Caspit and other correspondents all pointed out that Netanyahu did not even need to ask Trump’s permission to annex the Jordan Valley, which turns out to have a very different legal history from the Golan Heights, which is captured Syrian territory.
Netanyahu only needs a simple majority in the Knesset to annex the Jordan Valley, because the law that enables him to do this already exists. A law passed by left-wing MPs in 1967 amended an ordinance dating from the British Mandate, which authorised the government to issue a decree stating which parts of Palestine the jurisdiction and administration of the state of Israel would apply to. This law allowed the government of Levi Eshkol to annex East Jerusalem in 1967.
No matter. One spectacular no-show was followed by another – his own.
Netanyahu had to be hustled offstage by bodyguards in the middle of a campaign speech in Ashdod, in southern Israel, when rockets fired from Gaza set off air-raid sirens. This was a reminder to Netanyahu and all Israeli settlers of the land in which they had pitched their tent.
The PA fiction
No amount of annexation will stop this conflict. It’s irrelevant to Palestinians how their lands are occupied, or whether indeed another 33 percent will be ripped off the 20 percent of historic Palestine left to them.
It’s sophistry for them to know in which enclave, bantustan or prison they are held; or whether indeed the Palestinian Authority (PA) is dissolved; or whether President Mahmoud Abbas hands back the keys to the West Bank to the nearest Israeli army commander. As it is, Abbas has to apply for Israeli military permission every time he moves.
The PA does not really exist, except as a means by which Israel gets Palestinian policemen to clear the streets before their forces enter on nightly raids all over the West Bank
The PA does not really exist, except as a means by which Israel gets Palestinian policemen to clear the streets before their forces enter on nightly raids all over the West Bank.
The autonomy of Area A is largely a fiction. If the PA were to dissolve, Israel’s only concern would be for around 100,000 arms held by Palestinian security forces.
Due to their hollowed-out nature, all Palestinian institutions and structures have become largely irrelevant – except as a source of income – to Palestinians themselves. It matters not who carries out the occupation, or how many laws are passed depriving them of their national identity, property rights and state.
Whatever happens and however many enclaves are created for Palestinians, the demographic core of this conflict will remain the same: there are now more Palestinians than Israeli Jews between the river and the sea.
The deputy head of the Civil Administration, Maj Gen Haim Mendes, presented the following figures at the Knesset’s Foreign Affairs and Defence Committee last December: there are now 6.8 million Palestinians between the river and the sea (five million in Gaza and West Bank, and 1.8 million inside Israel and East Jerusalem).
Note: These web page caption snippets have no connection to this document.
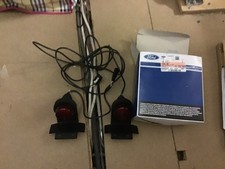 FORD TRANSIT 94/14 LUCERNARI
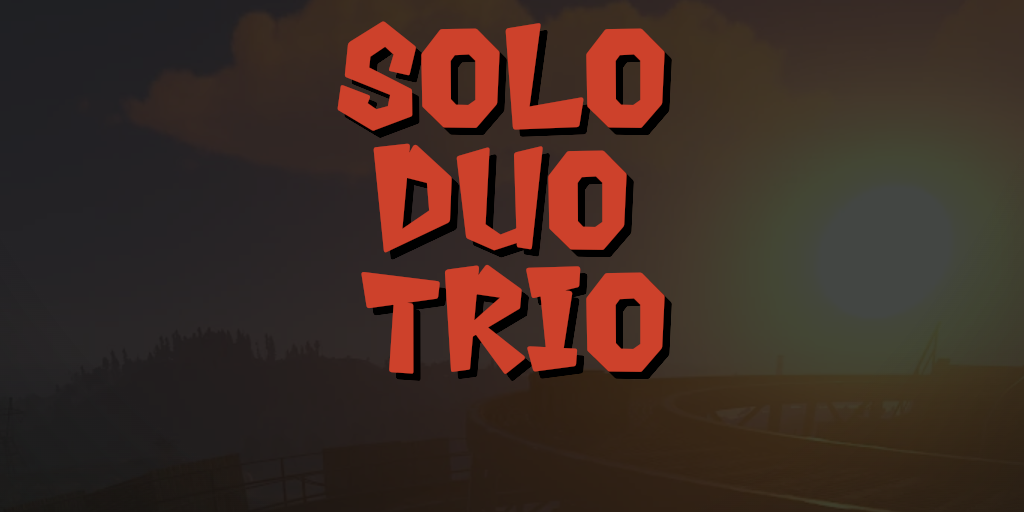 RustNode | 2X Solo/Duo/Trio Monthly | Noob Friendly Server Image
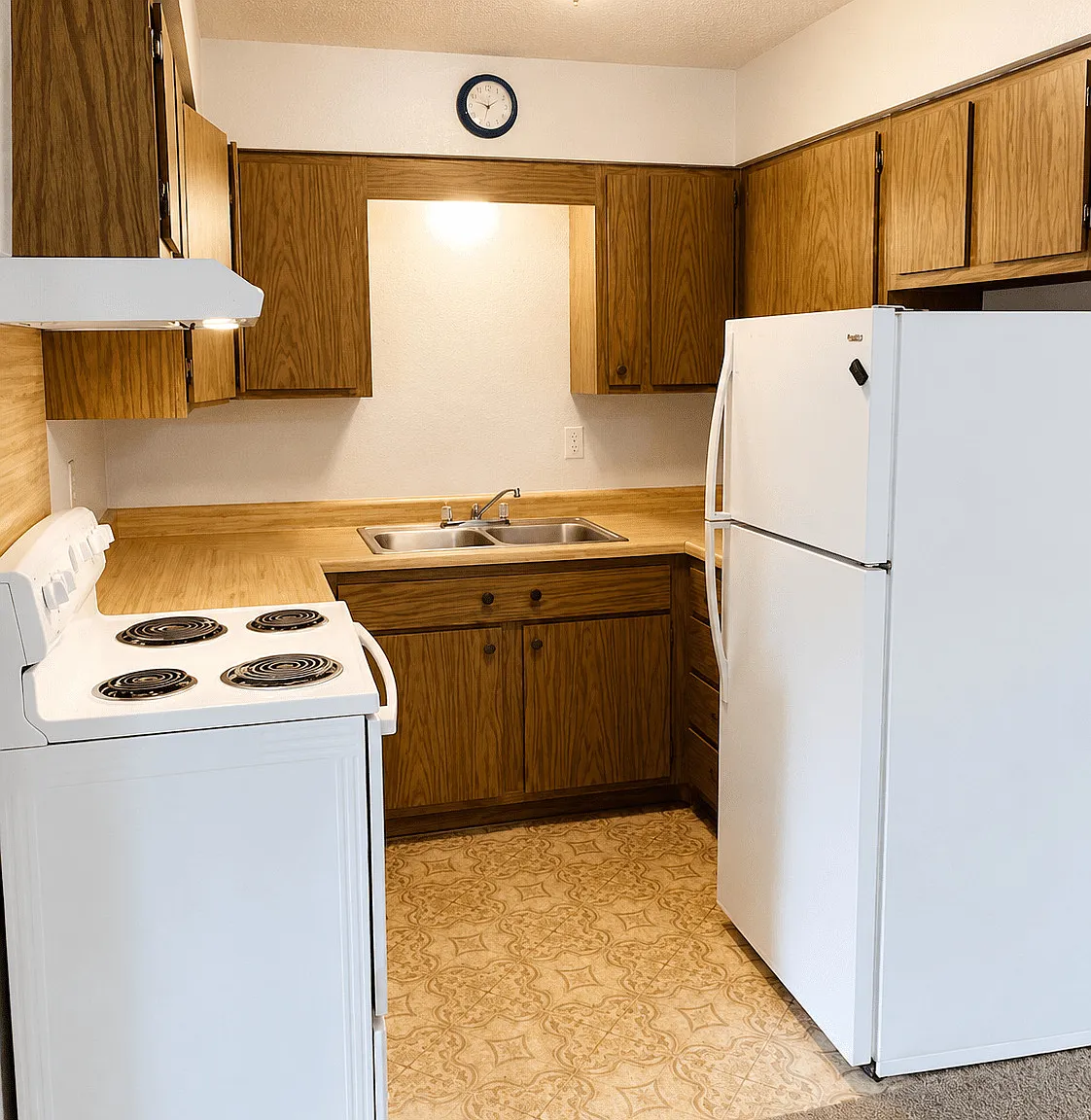 Valley View Apartments — Photo 4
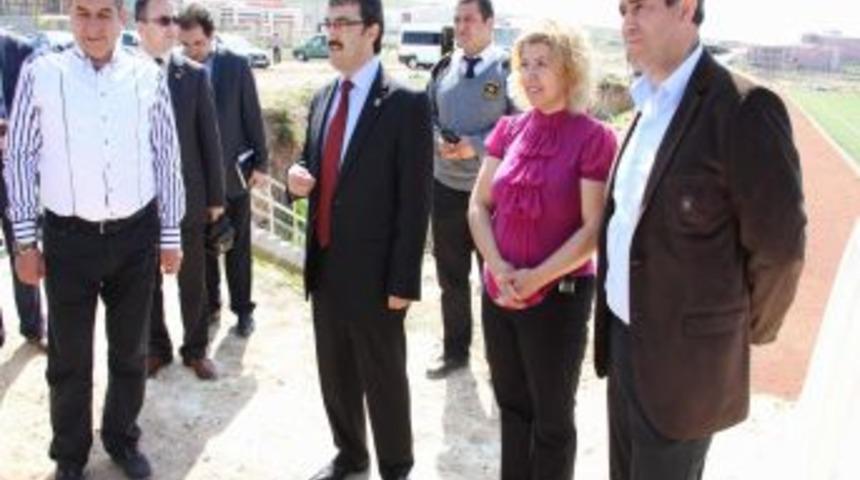 Bozok &Uuml;niversitesi 6. Spor Şenlikleri Başladı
This compares with 6.6 million Israeli Jews announced by the Central Bureau of Statistics in Israel.
The only way the core of the conflict would be changed is if, or when, Israel conducts another mass expulsion or act of ethnic cleansing, as happened in 1948 and 1967.
Israeli Jews are becoming the minority in what they claim to be their own land, and can only impose their supremacy through apartheid
Barring that, life for Palestinians will not change. This means that whatever statements are made in election campaigns, Israeli Jews are becoming the minority in what they claim to be their own land, and can only impose their supremacy through apartheid.
While this does nothing to change the state of subjugation imposed on Palestinians in their own land, it does change Israel’s narrative among political elites in Europe and the US, on whom Israel has lavished billions of shekels courting.
Before annexation, and when “land for peace” was still the dominant narrative of the Oslo process, the political class of left and right in Britain, the US and across Europe could espouse mutually exclusive visions of a solution to the conflict at one and the same time.
They could vow to be “supporters of Israel”, while simultaneously espousing the right to Palestinian self-determination in a putative – but never realisable – Palestinian state.
Forfeiting international legitimacy
As far as this applied to Israel, the myth they were perpetrating was that there was something called “Israel proper”, which was internationally recognised – and then, alas (heavy sigh), there were things called settlements, which were illegal, but (another heavy sigh) what can we possibly do about that? Closely allied to this was the thought that if only the two sides could compromise, a territorial solution could be found.
With annexation as the official policy, all of that changes. The moment the state of Israel considers settlements as part of it, is the moment when “Israel proper” ceases to exist. The whole of Israel becomes one settlement. The state of Israel forfeits its international legitimacy.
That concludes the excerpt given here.